------ Provided material

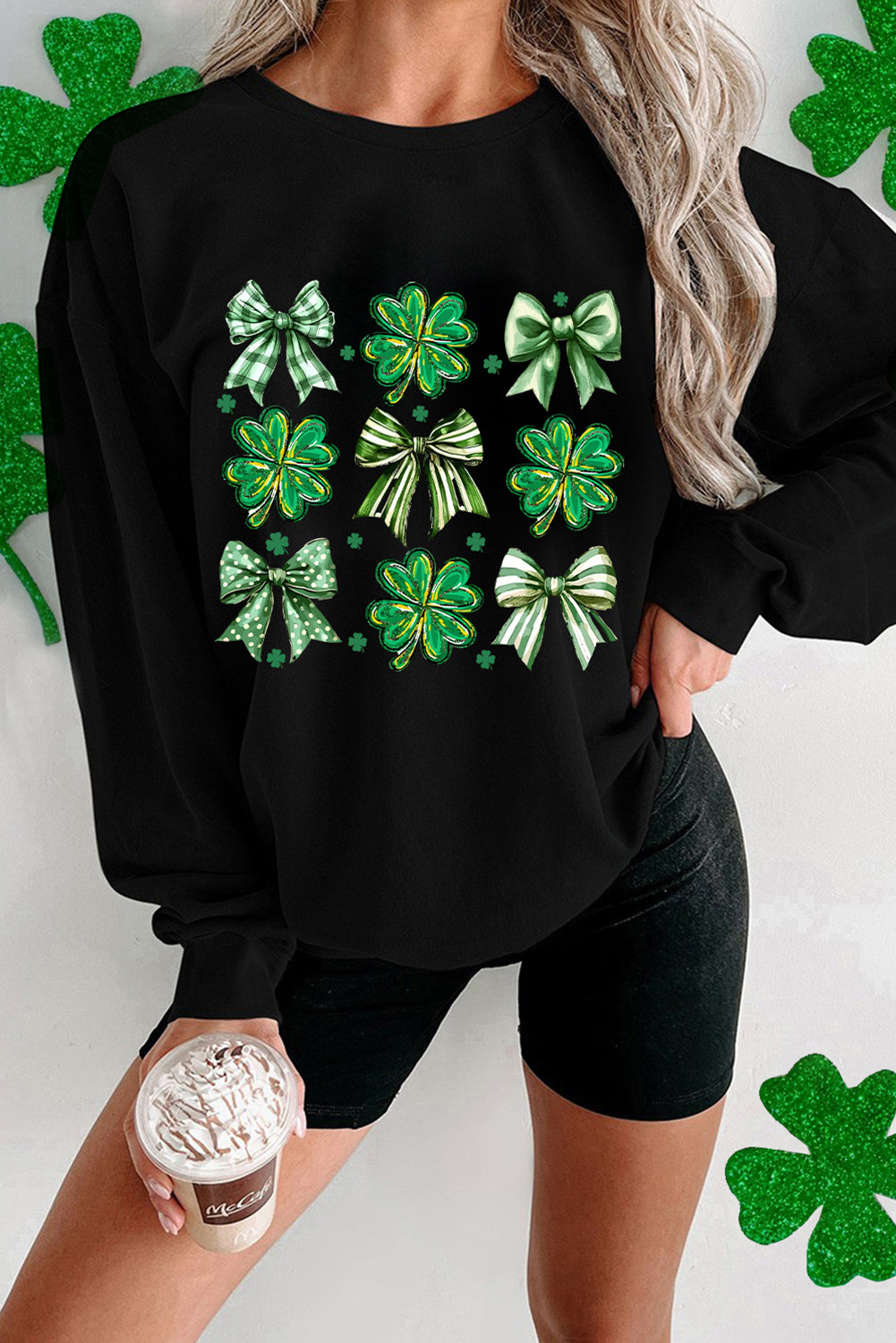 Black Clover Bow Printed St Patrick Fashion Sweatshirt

------------
------ Provided material

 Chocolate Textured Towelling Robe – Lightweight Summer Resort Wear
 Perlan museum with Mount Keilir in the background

------------

Task instructions :: Return, word for word, the lines of the data above from the line with "Chocolate Textured Towelling" through the line with "Perlan museum with", inclusive.

Written solution ::
 Chocolate Textured Towelling Robe – Lightweight Summer Resort Wear
 Perlan museum with Mount Keilir in the background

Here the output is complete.